4. Zoals hiervoor is overwogen is in het tussenvonnis al over de rectificatie beslist. De (herhaalde) argumenten van eisende partij geven geen aanleiding om terug te komen op deze bindende eindbeslissing. In de mededeling van mr. Van Voskuilen dat [naam eiser 2] de opdracht tot het voeren van het geding heeft gegeven, ziet de voorzieningenrechter aanleiding om [naam eiser 2] is de proceskosten te veroordelen.

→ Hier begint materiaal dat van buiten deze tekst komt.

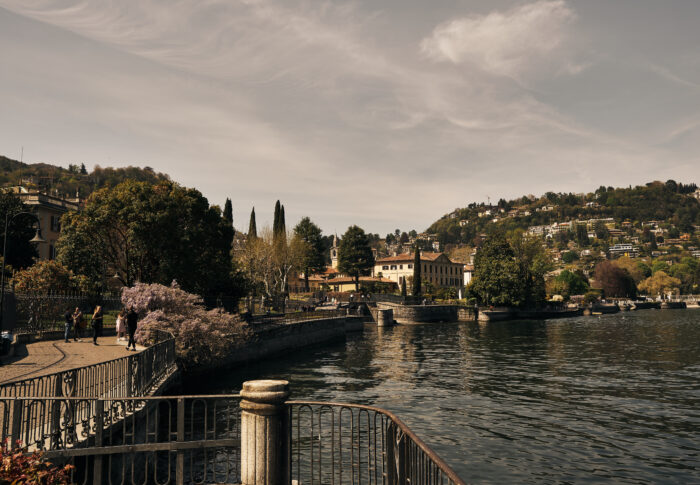 🛵 Une semaine dans le nord de l’Italie – Étape 4 | Le Lac de Côme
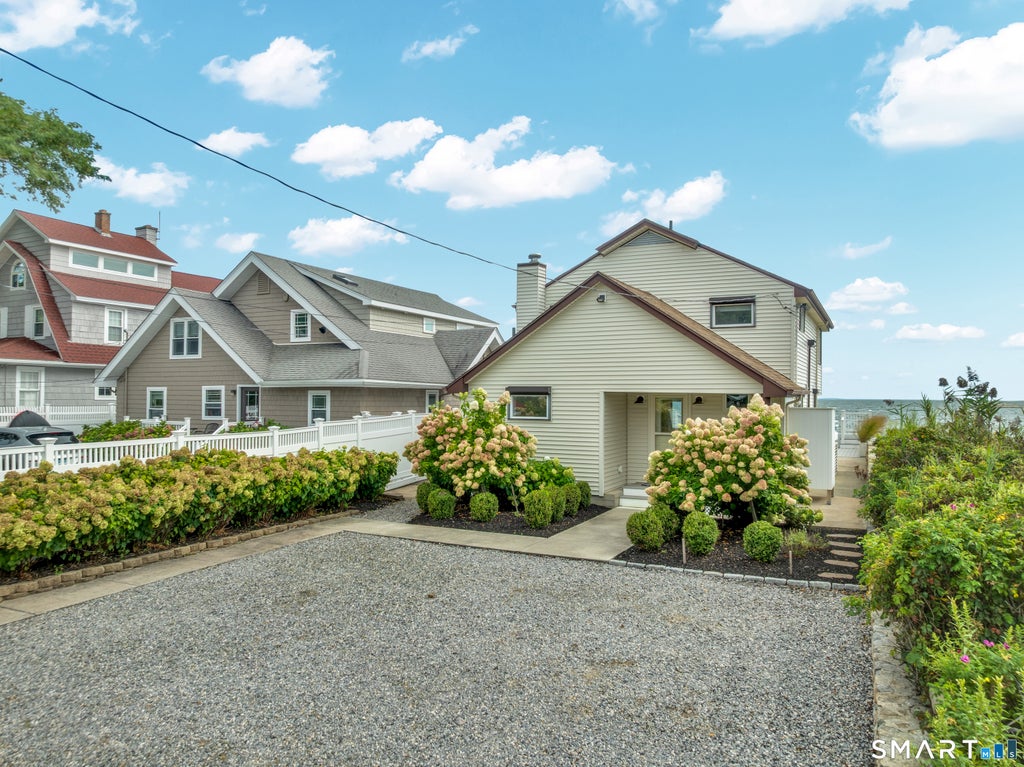 Photo of 156 Little Stannard Beach Road, Westbrook, CT 06498 (MLS # 24204010)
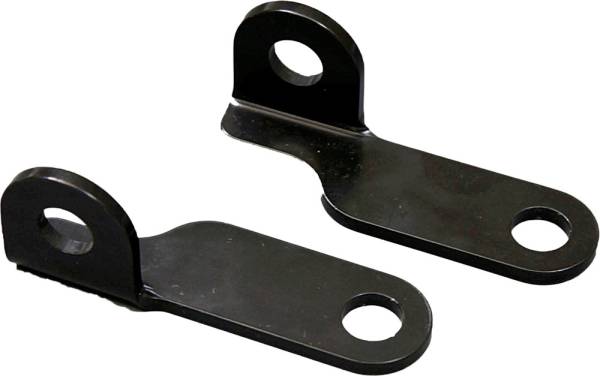 WEST-EAGLE - AXLE MOUNT TURNSIGNAL BRACKET REAR PAIR - Image 1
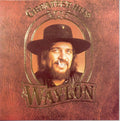 Jennings, Waylon - Greatest Hits (Vinyl LP)
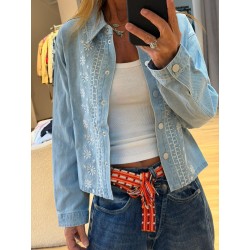 Veste Jeans Amélie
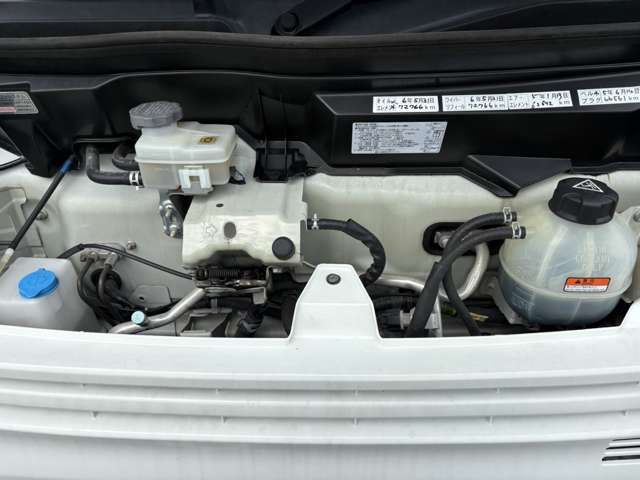 NISSAN NV100 CLIPPER 2019 Image 31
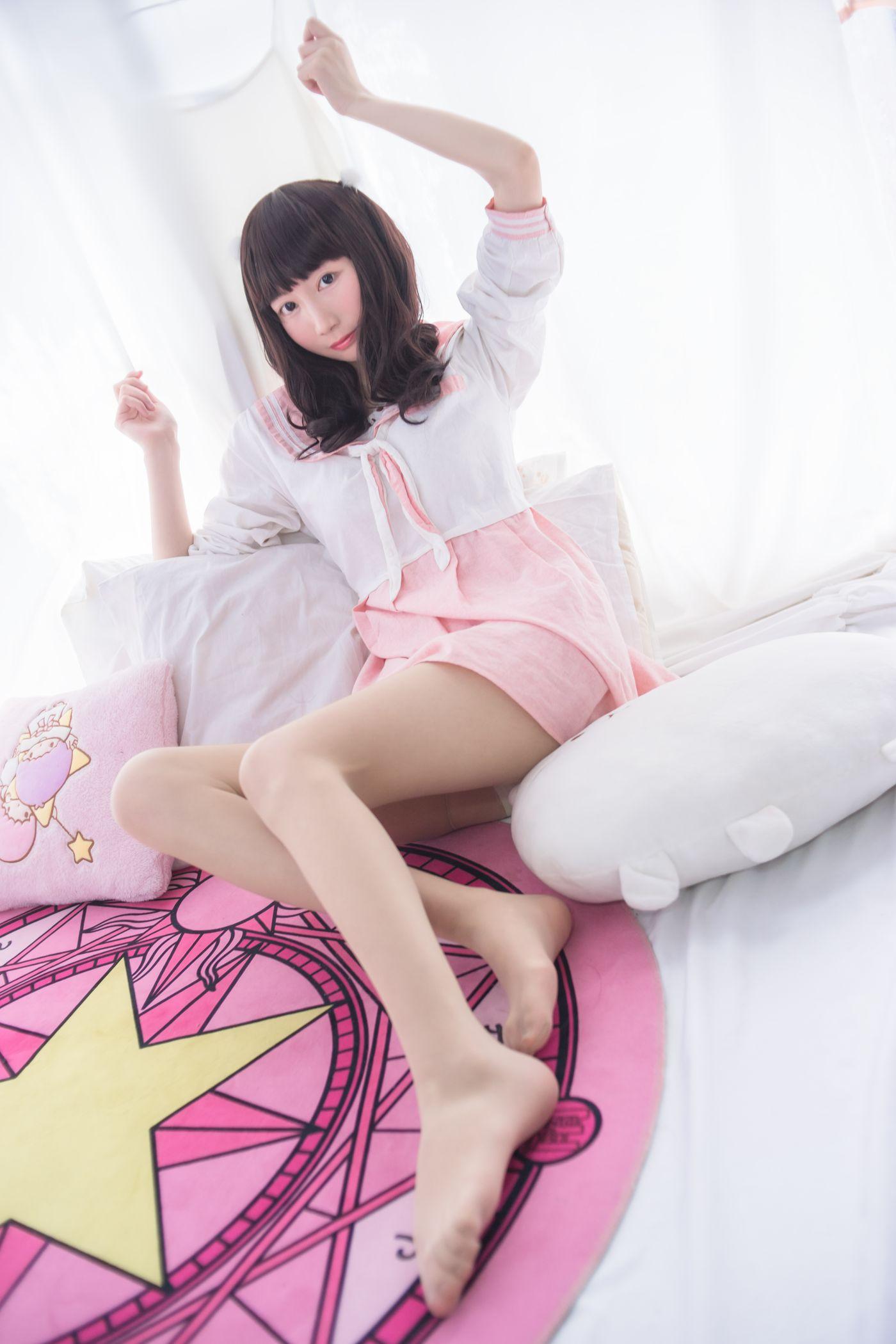 轻兰映画 VOL.014[42P]插图6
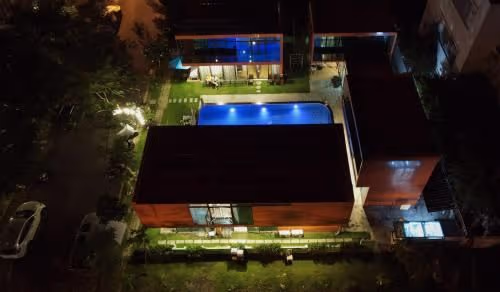 Superior Villa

Artikel 245 Rv gaat immers uit van een draagplicht bij de opdrachtgever.
5. De slotsom is dat de vordering van eisende partij wordt afgewezen. [naam eiser 2] zal op de voet van artikel 245 Rv in de proceskosten worden veroordeeld.
De kosten aan de zijde van [naam gedaagde] worden begroot op:
- griffierecht € 304,00
- salaris advocaat €
980,00
Totaal € 1.284,00

3..De beslissing

De voorzieningenrechter:
3.1.
wijst het gevorderde af;
3.2.
veroordeelt [naam eiser 2] in de proceskosten, aan de zijde van [naam gedaagde] tot op heden begroot op € 1.284,00;
3.3.
verklaart dit vonnis wat betreft de proceskostenveroordeling uitvoerbaar bij voorraad.
Dit vonnis is gewezen door mr. A.F.L. Geerdes en in het openbaar uitgesproken op 18 januari 2021.